CMU enrollment up 3.6 percent over last fall

Colorado Mesa University experienced 7.7 percent growth in out-of-state enrollment this fall semester, according to the university.

Overall enrollment grew by 3.6 percent compared with last year, according to the fall census, which is taken each year the day after Labor Day. The school experienced a net growth of 323 students, increasing the total number of students at Colorado Mesa’s Grand Junction and Montrose campuses and at Western Colorado Community College this fall to 9,369.

Forty percent of students in the Colorado Mesa system as of Sept. 3 are from Mesa County, according to the census. Another 15.2 percent are from neighboring counties of Garfield, Montrose or Delta. Eighty-seven percent of students came from somewhere in Colorado.

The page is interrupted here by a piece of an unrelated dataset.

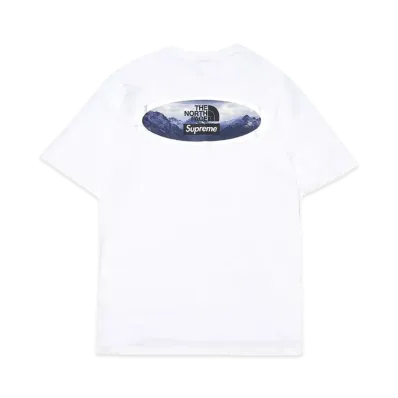 Supreme x The North Face Mountains Tee "White"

While the number of international students decreased slightly, going from 42 last fall to 41 this fall, the number of out-of-state students coming to Colorado Mesa increased by 84 students year over year to 1,179 this fall.

Rick Taggart, Colorado Mesa Executive Director of Marketing and Student Recruitment, said recruiting efforts paid off this year in various states targeted for compatibility with western Colorado living. California and Arizona had the biggest increases, with enrollment among California students increasing from 62 last fall to 78 this fall and Arizona enrollment going from 27 last year to 41 this year. Taggart said the school also recruited more students this year from Utah, Texas, Hawaii and a relatively new target, the upper Midwestern states of Minnesota, Michigan, Wisconsin and Illinois.

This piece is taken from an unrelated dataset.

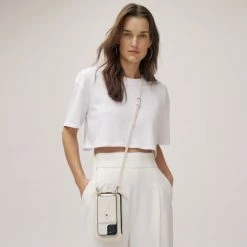 Bandolier Unisex Plain Leather IPhone 8 Plus IPhone 11 Pro For Women Ivory/gold X 13 Pro -Bandolier Online Shop org 2261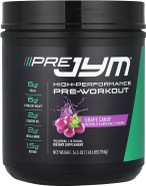 Jym Supplement Science Pre Jym Grape Candy Pre Workout Powder For Men & Women, Bcaas, Nootropics, Creatine Hci, Citrulline, Beta-Alanine, Betaine, Taurine, Huperzine, 30 Servings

The university hopes an increased focus on international student recruitment during the last four years and new developments in out-of-country recruitment that are on the way soon will increase international enrollment in the next few years, Taggart said.

“The single biggest reason (to increase international recruitment efforts) is the diversity it brings to campus,” Taggart said. “We are all working today in a global society. I just think it’s critical to a student experience.”

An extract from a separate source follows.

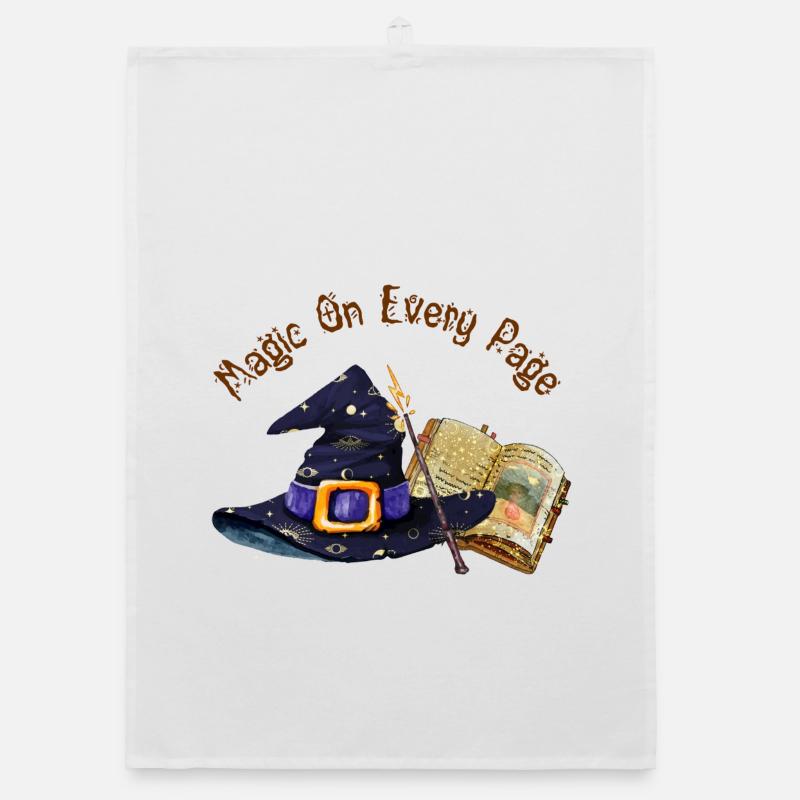 Magic Is On Every Page  Organic dish towel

Other census highlights include:

■ Growth in students age 24 or younger outpaced growth for non-traditional students, with a 6.8 percent drop in students age 25 or older this fall compared to last fall and a 7.1 percent increase in traditional students.

■ The number of students eligible due to financial need for a federal Pell grant fell by 29 students year-over-year while the portion of students not eligible for a Pell grant increased by 340.

■ Freshmen and sophomore enrollment decreased by 1.1 percent this fall compared with last fall, while the number of juniors and seniors increased by 11.6 percent.